Could you output, exactly and with nothing else, every line from the one that contains "Air Force 1" through the last line of the listing below?

Start of Provided material

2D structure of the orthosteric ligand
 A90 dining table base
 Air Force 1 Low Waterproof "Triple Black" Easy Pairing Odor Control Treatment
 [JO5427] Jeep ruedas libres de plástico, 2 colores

End of Provided material

• _Output_
 Air Force 1 Low Waterproof "Triple Black" Easy Pairing Odor Control Treatment
 [JO5427] Jeep ruedas libres de plástico, 2 colores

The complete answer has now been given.